§ **Exercise brief**
The answer must be the lines from the one that holds "Tinh Bột Khoai Tây Vĩnh" through the final line of the data, copied exactly, with no pictures.

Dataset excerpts

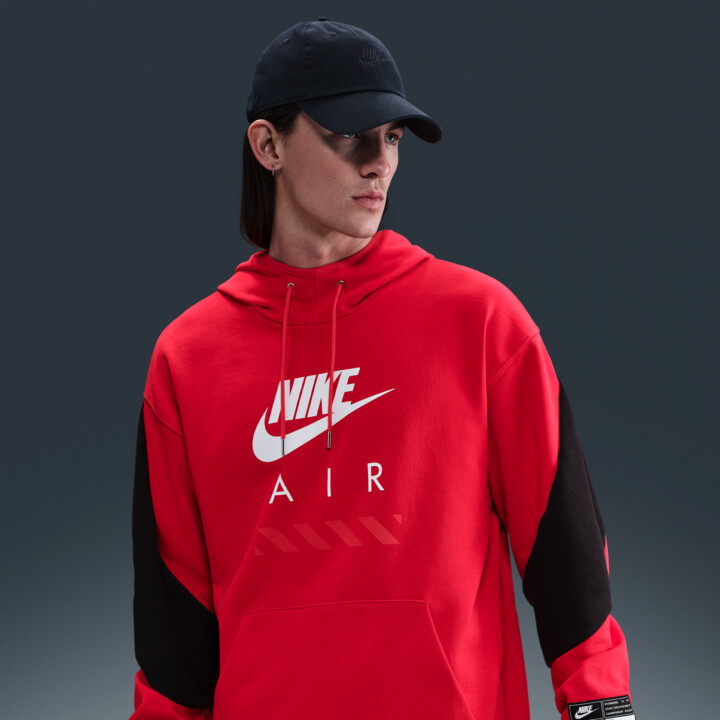 Nike Men's Air Fleece Pullover Hoodie in Red | HJ0273-657
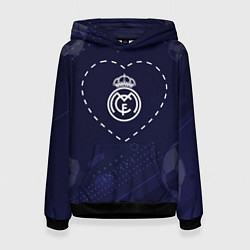 Толстовка-худи женская Лого Real Madrid в сердечке на фоне мячей, цвет: 3D-черный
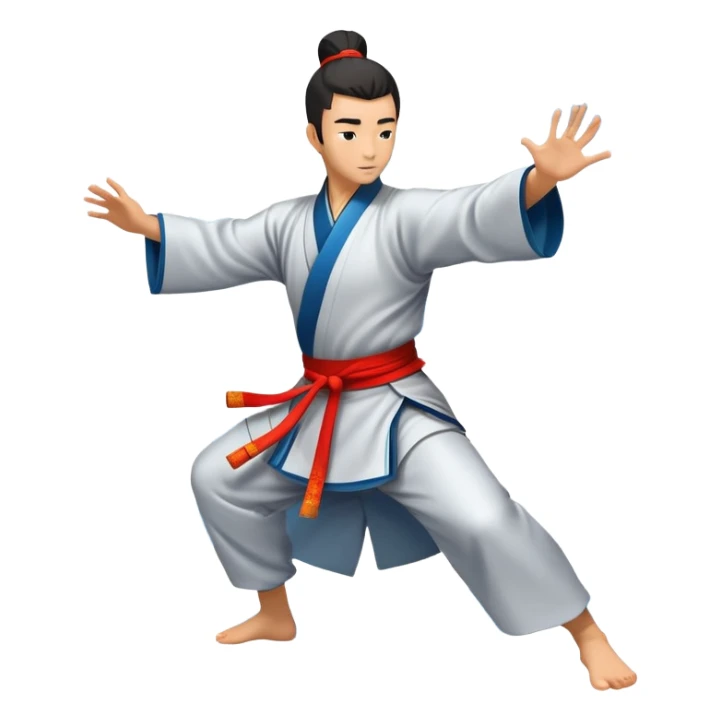 Emblem symbolizing Wushu martial arts. A graceful martial artist performs a dynamic kung fu pose, with flowing movements and a long, elegant robe. The background features stylized clouds and traditional Chinese symbols, representing fluidity, balance, and precision. Transparent background. sticker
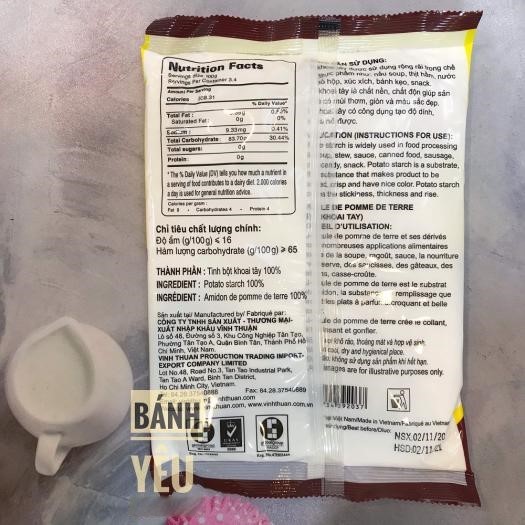 Tinh Bột Khoai Tây Vĩnh Thuận 340g tinh bột khoai tây 100% được sử dụng rộng rãi trog chế biến thực phẩm làm baanh, món ăn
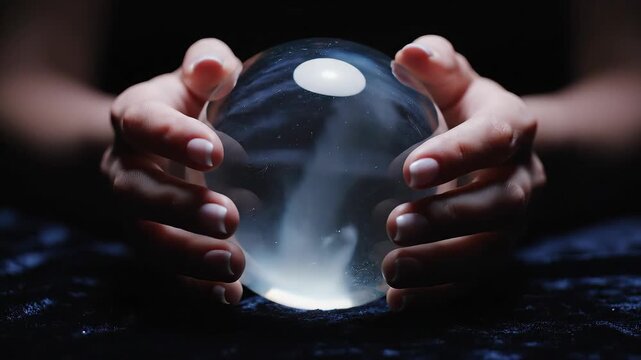 Mystic hands holding glowing blue crystal ball - prophecy and divination scene. Perfect for videos about magic, witchcraft, fantasy, future prediction, or esoteric rituals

§ **Response area**
 Tinh Bột Khoai Tây Vĩnh Thuận 340g tinh bột khoai tây 100% được sử dụng rộng rãi trog chế biến thực phẩm làm baanh, món ăn
 Mystic hands holding glowing blue crystal ball - prophecy and divination scene. Perfect for videos about magic, witchcraft, fantasy, future prediction, or esoteric rituals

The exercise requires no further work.